Statistical Perspectives on Data Mining

Note that though Hand talks about data mining in general, for this class we should think about EDM

Core Questions

How is the view of validity in data mining, as represented by Hand, similar to and different from the viewpoints on validity previously studied in this class? (Note that Hand is snarkier about data mining than many statisticians, but more positive about its potential than many others)

Is statistical significance still meaningful in very large data sets? If so, when? If not, what should substitute for it?

Hand et al suggests that the problem of statistical significance not being useful could be addressed by simply sampling from the data set to reduce its size. Do you like this solution?

Hand claims that selection bias is a particularly big problem for data used in data mining. Is this true? And if so, what are the consequences and how could they be addressed or mitigated?

How can over-fitting and the finding of spurious patterns be reduced, in Hand's (1998) view? Which of his preferred approaches do you find most useful? Are there other superior alternatives?

Hand et al claims that data mining can find common patterns, but their value and meaningfulness can only be determined by a domain expert. Do you agree?

Secondary Questions

Hand argues that clean data cannot be expected for very large data sets, whereas Romero argues for the value of cleaning data prior to data mining. Under what circumstances is data cleaning important?
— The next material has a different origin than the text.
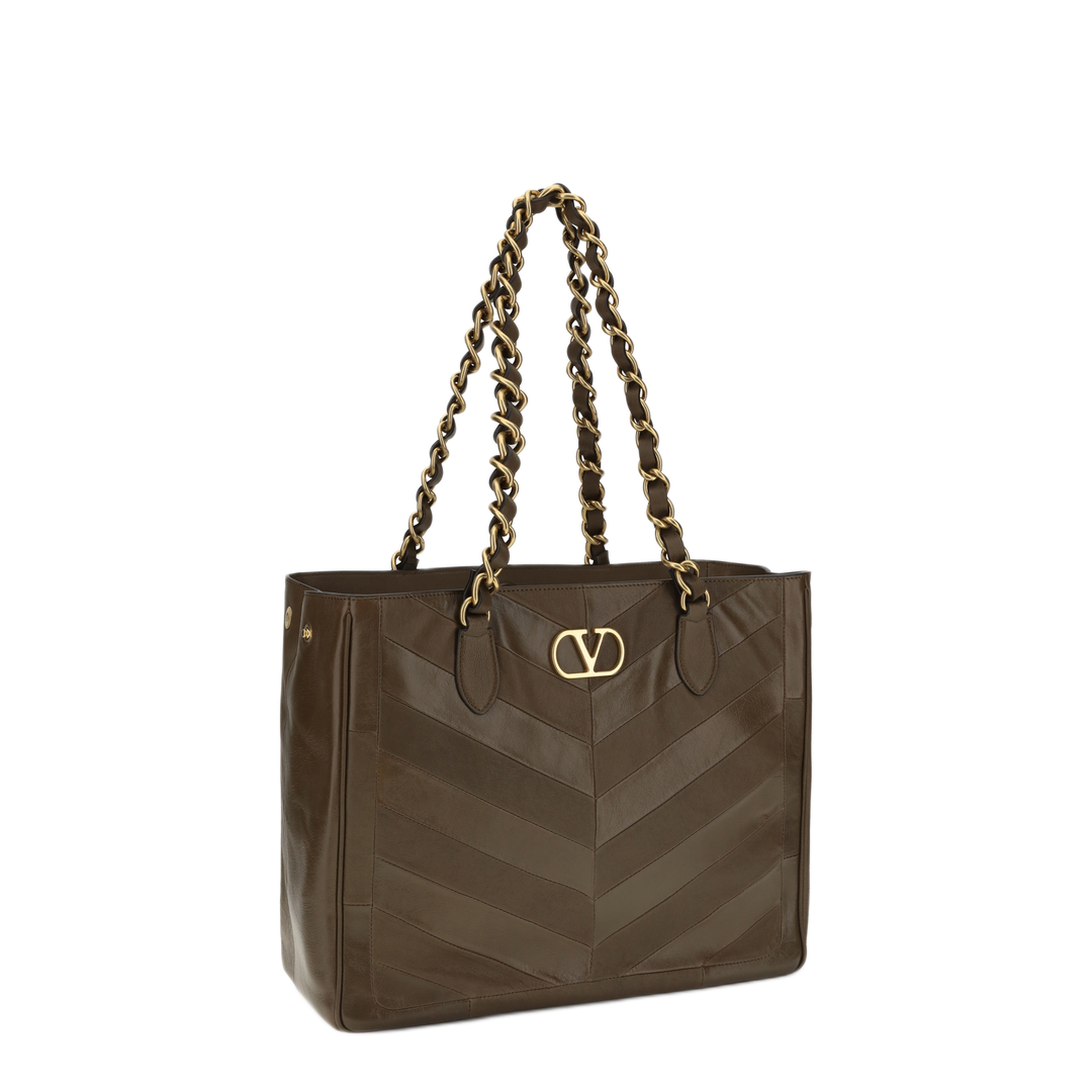 MAYFEYR - Valentino - Laseine Chevron Nappa Shopping Bag - 9W2B0T12PSN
Hand et al claim that any pattern which cannot be explained should be treated as suspect. What are the benefits and drawbacks to this perspective?

Hand (1998) states that "Statistics as a discipline has a poor record for timely recognition of important ideas... statisticians have later made very significant advances in all of these fields, but the fact that the perceived natural home of these areas lies not in statistics but in other areas is demonstrated by the key journals for these areas -- they are not statistical journals. Data mining seems to be following this pattern." -- Is Hand's prophecy accurate for EDM/LAK? And if so, why might this be?

Hand claims that data mining is "almost by definition" concerned with atheoretical, purely empirical models, rather than models based on theory. Does this match the perspectives previously discussed in this class?